For over ten years I've wanted to do this book--


BATSHEVA: Degrading New Orleans' Reputation Even Further?

Jesus in his own words.

JACOB: I am way more qualified to write that book than she is. I mean, my mom was Jewish, I barely knew my dad, I had long hair, and no one understands me.
BATSHEVA: I doubt Jesus was balding. Besides, just because no one understands you, doesn't mean you're the Messiah.

For five years I've been obsessed with

JACOB: Pissing away any talent she may have had?
BATSHEVA: More convoluted canon than George Lucas?

how to do it, and for
the last three years I've been consumed with nothing else.

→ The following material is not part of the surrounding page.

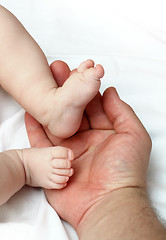 Image showing baby foots on father palm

BATSHEVA: Does that mean it took precedence over stuff like hygiene?
JACOB: You know that story about Queen Isabella not changing her underwear until a Dutch city was captured? Why am I imagining Anne doing something like that?

The ultimate questions, the ones distilled from a thousand others,
were so obvious as to be frightening.


BATSHEVA: Does writing about vampires drive you insane and over-dramatic, or does being insane and over-dramatic lead one to write about vampires?
JACOB: Where's a good editor when you need one?
BATSHEVA: I'm sorry, there are few editors with the sort of experience needed to deal with Ms. Rice. Experience like active duty in Mosul.

What does it feel like to be Jesus?

BATSHEVA: Probably very squishy.

What did it feel like to be God and Man as a child?...

JACOB: Being capable of starting a sandstorm when you have a temper tantrum?

In all my career, I don't think I've ever faced such a daunting task.

BATSHEVA: It was aided by liberal amounts of whiskey.

And there were moments when I came near to giving up. I prayed. I asked
for guidance.


JACOB [as Anne Rice]: God, I need some help.
BATSHEVA [in 'God' voice]: Anne, back away from the computer slowly.

I scrapped hundreds of pages.

JACOB [as Anne]: That bit about Jesus dropping out of society to surf the world is just not in character.
BATSHEVA [as Anne]: Suggesting that Jesus dated Akasha is a bit much.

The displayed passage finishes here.